→ WHAT YOU ARE ASKED TO DO: What you give must be the lines from the one containing "Black plastic golf" through the last line of the listing below, exactly, with nothing else and no pictures.

→ PROVIDED ENTRIES:
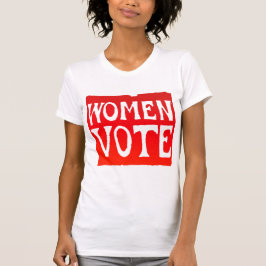 Frauen-Abstimmung - rasendes Rot T-Shirt
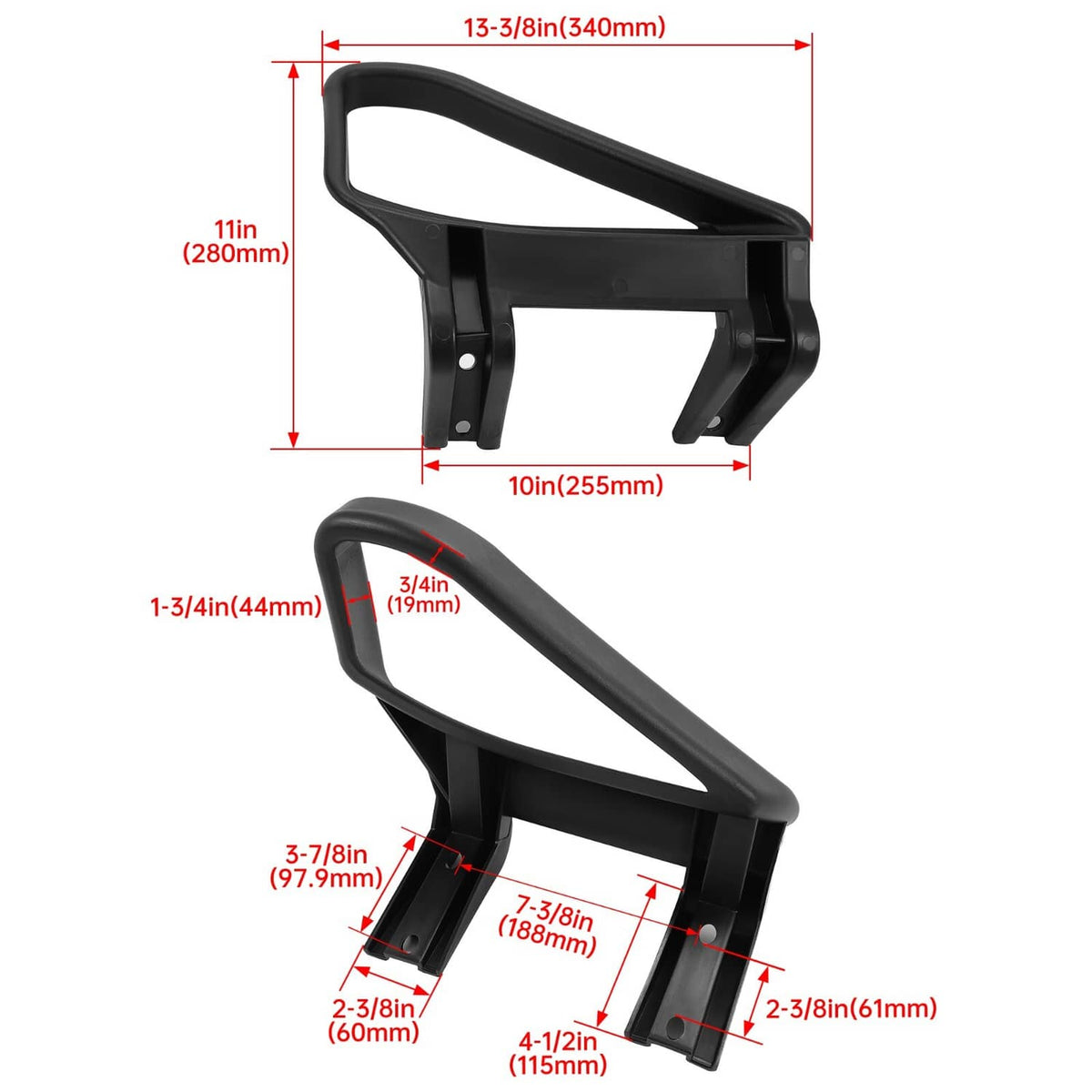 Black plastic golf cart seat armrest/hip restraint bracket with size diagram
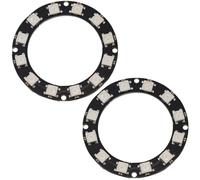 Heevhas WS2812 5050 5V Anneau LED RGB 12 LEDs Couleur complète Accessoires pour module d'éclairage RGB Panneau de lampe annulaire LED pour la décoration (2 pièces)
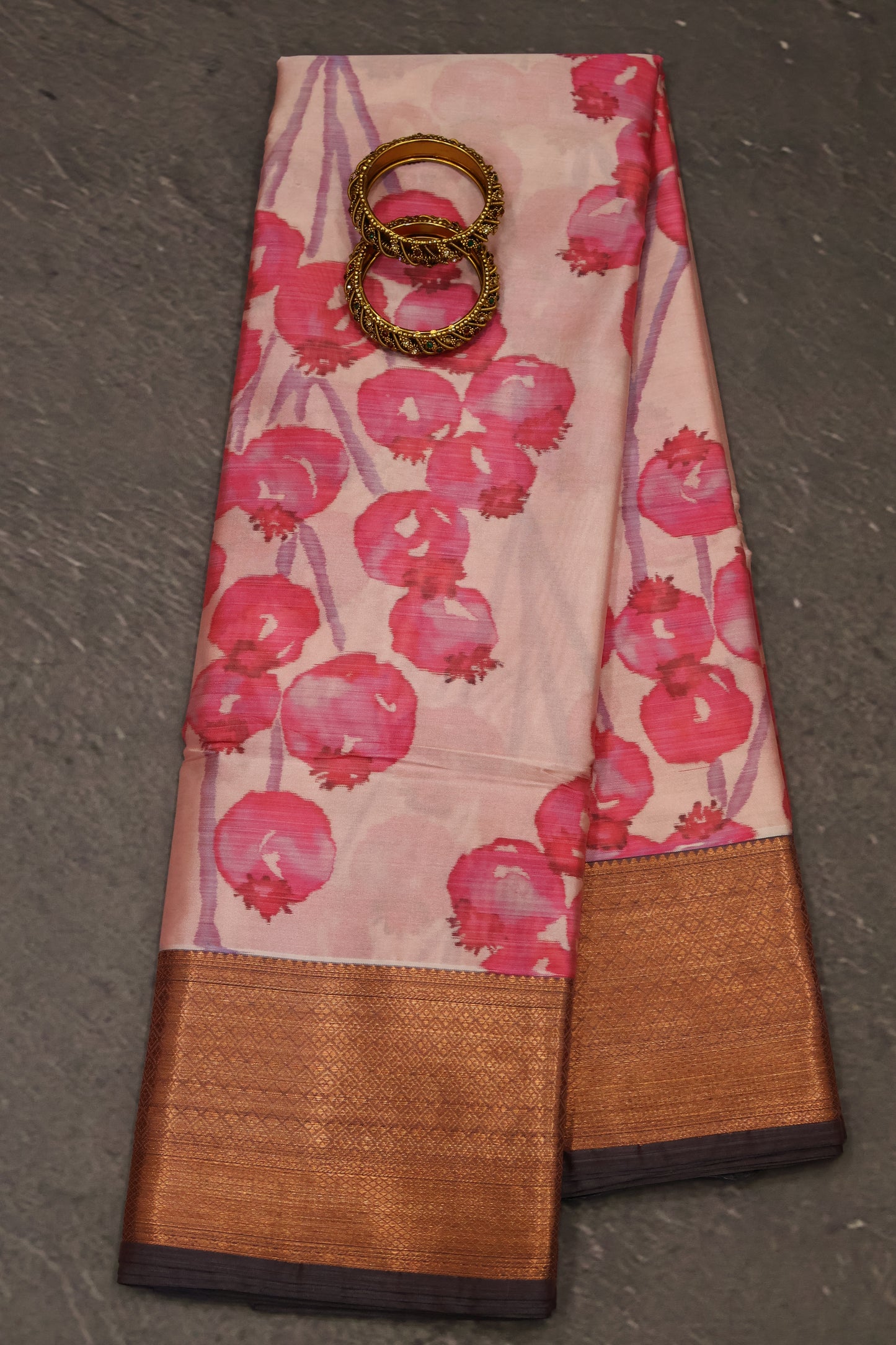 Semi Silk Saree-Lite Pink Floral
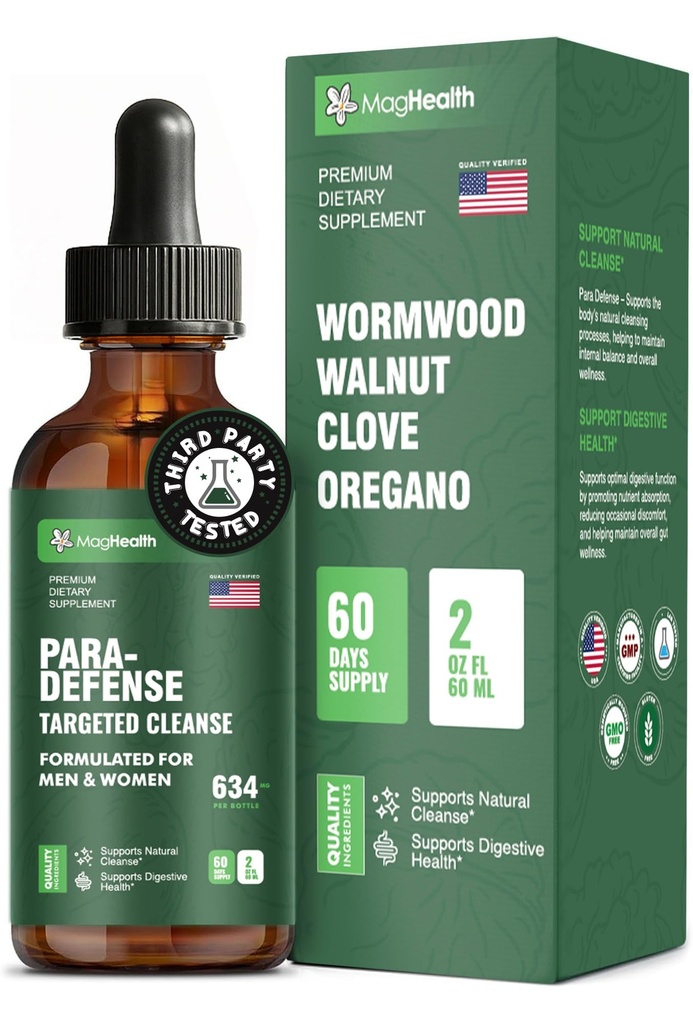 Wormwood Black Walnut Clove Tincture | 3rd Party Tested Digestive Support Drops | Sweet Wormwood, Green Walnut Hull & Clove Extract Liquid for Gut Wellness | 2 oz, 60 Servings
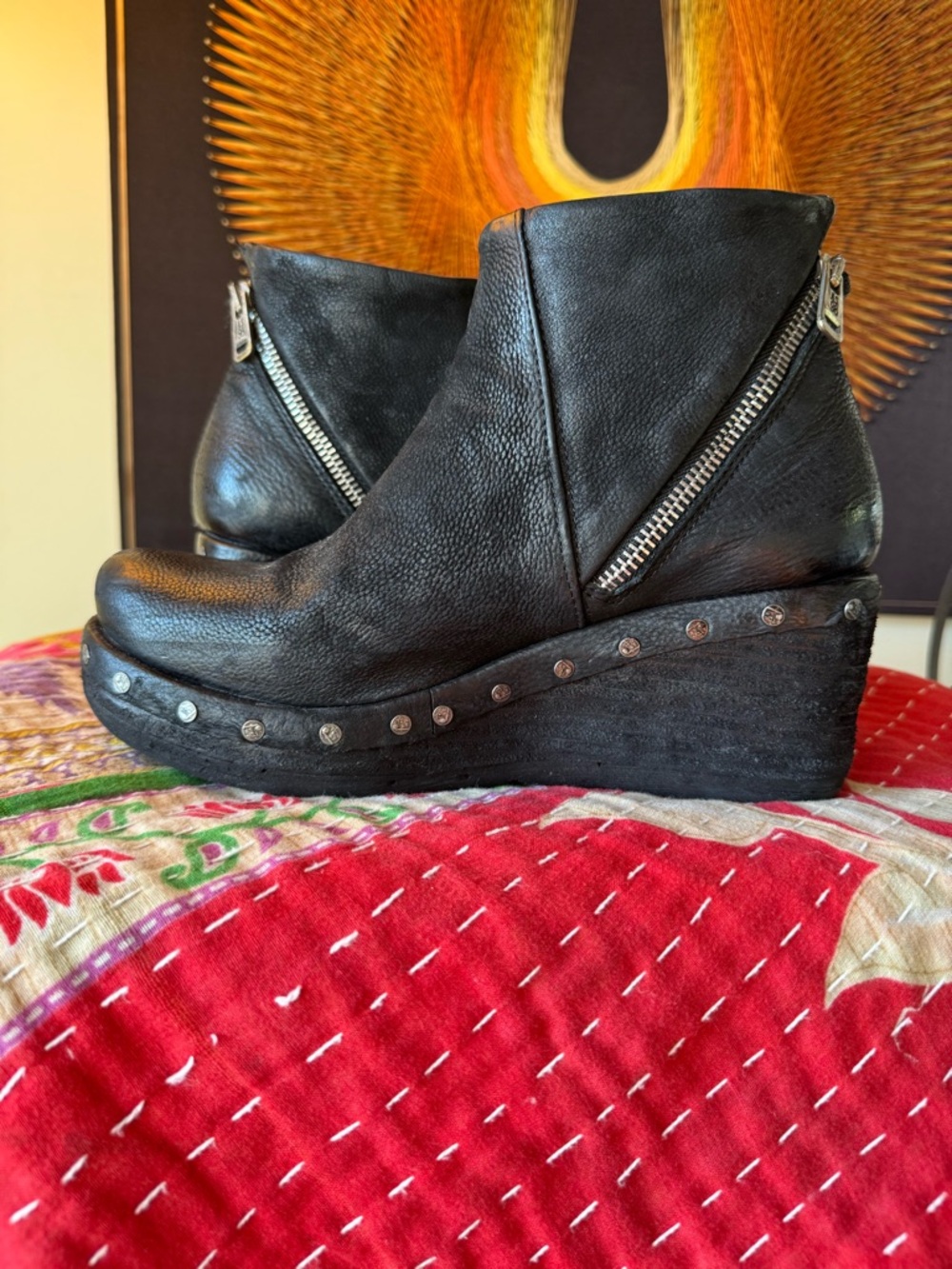 A.S.98 Black Leather Ankle Boots with Studs 39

→ TASK RESULT:
 Black plastic golf cart seat armrest/hip restraint bracket with size diagram
 Heevhas WS2812 5050 5V Anneau LED RGB 12 LEDs Couleur complète Accessoires pour module d'éclairage RGB Panneau de lampe annulaire LED pour la décoration (2 pièces)
 Semi Silk Saree-Lite Pink Floral
 Wormwood Black Walnut Clove Tincture | 3rd Party Tested Digestive Support Drops | Sweet Wormwood, Green Walnut Hull & Clove Extract Liquid for Gut Wellness | 2 oz, 60 Servings
 A.S.98 Black Leather Ankle Boots with Studs 39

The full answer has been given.